• INFORMATION SUPPLIED:
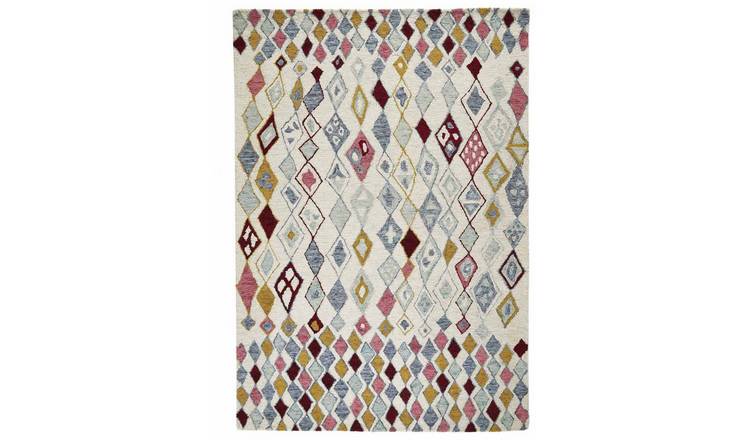 Homemaker Geometric Natural Wool Flatweave Rug - 170x120cm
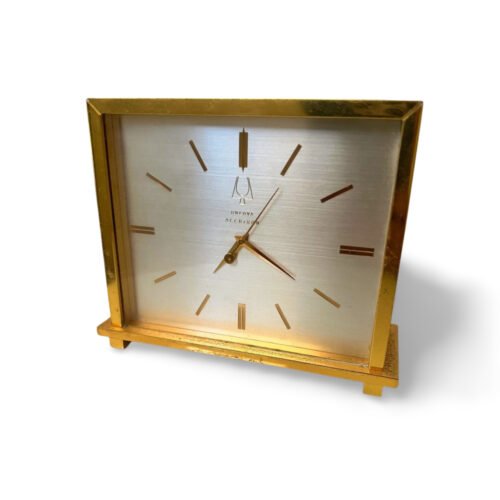 Bulova Accutron Brass Desk Tabletop Gold Clock 214 - Working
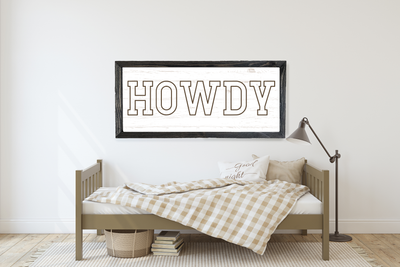 Howdy Rustic Wood Framed Sign - Mulberry Market Designs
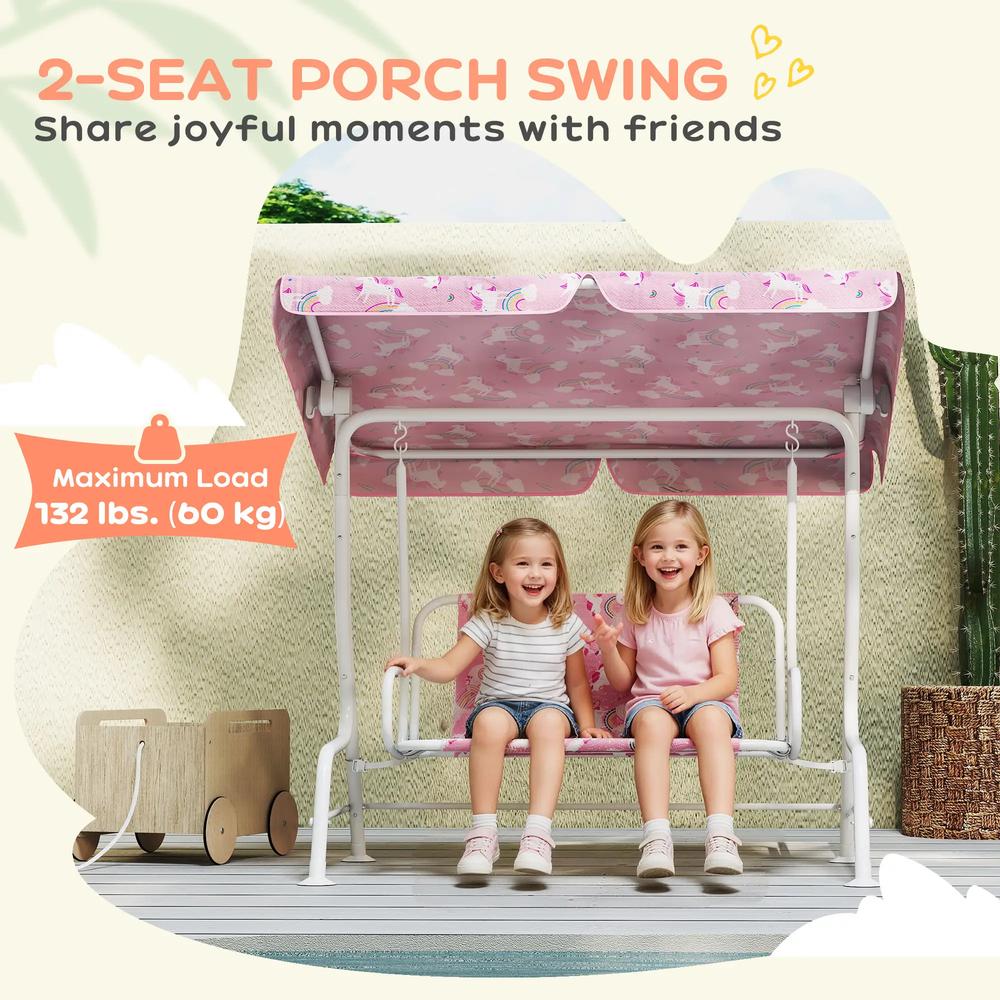 AIYAPLAY Kids Porch Swing, 2-Seater Patio Swing Bench Hammock with Seat Belts, Adjustable Canopy for Garden 5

• HOW TO COMPLETE THIS TASK: Repeat the material above verbatim, with no pictures in the output.

• TASK OUTPUT:
 Homemaker Geometric Natural Wool Flatweave Rug - 170x120cm
 Bulova Accutron Brass Desk Tabletop Gold Clock 214 - Working
 Howdy Rustic Wood Framed Sign - Mulberry Market Designs
 AIYAPLAY Kids Porch Swing, 2-Seater Patio Swing Bench Hammock with Seat Belts, Adjustable Canopy for Garden 5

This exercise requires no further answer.